Start of Block

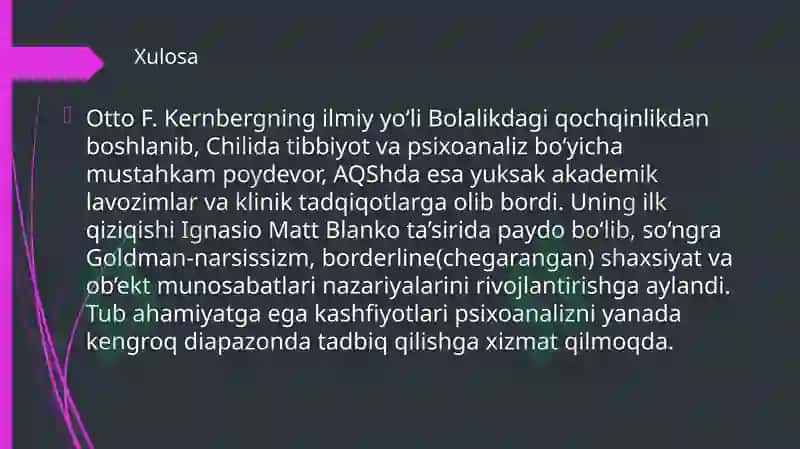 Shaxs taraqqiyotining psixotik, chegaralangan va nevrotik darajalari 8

End of Block
Start of Block

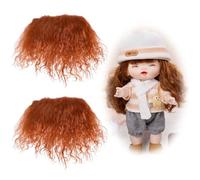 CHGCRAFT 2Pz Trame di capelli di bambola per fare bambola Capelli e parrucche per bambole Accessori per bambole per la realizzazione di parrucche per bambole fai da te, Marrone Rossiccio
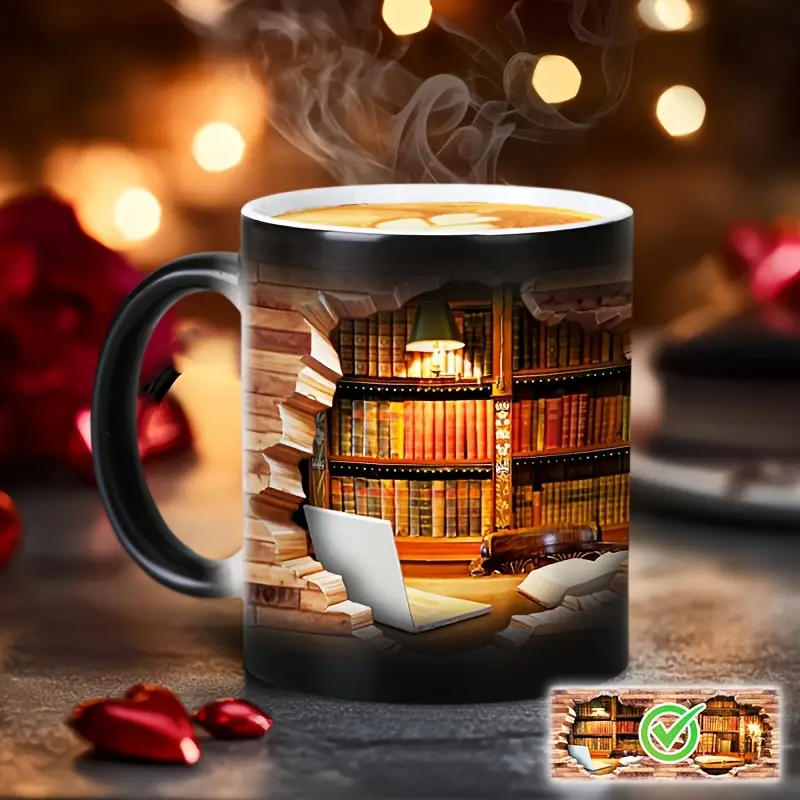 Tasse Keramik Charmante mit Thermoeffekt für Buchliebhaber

End of Block
Start of Block

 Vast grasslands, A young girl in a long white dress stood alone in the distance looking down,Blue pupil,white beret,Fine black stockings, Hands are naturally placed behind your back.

End of Block

=== EXERCISE PROMPT ===
Everything from the line with "CHGCRAFT 2Pz Trame" down to the line with "Tasse Keramik Charmante" in the data above should be copied exactly, with both end lines kept and the pictures left out.

=== REPLY ===
 CHGCRAFT 2Pz Trame di capelli di bambola per fare bambola Capelli e parrucche per bambole Accessori per bambole per la realizzazione di parrucche per bambole fai da te, Marrone Rossiccio
 Tasse Keramik Charmante mit Thermoeffekt für Buchliebhaber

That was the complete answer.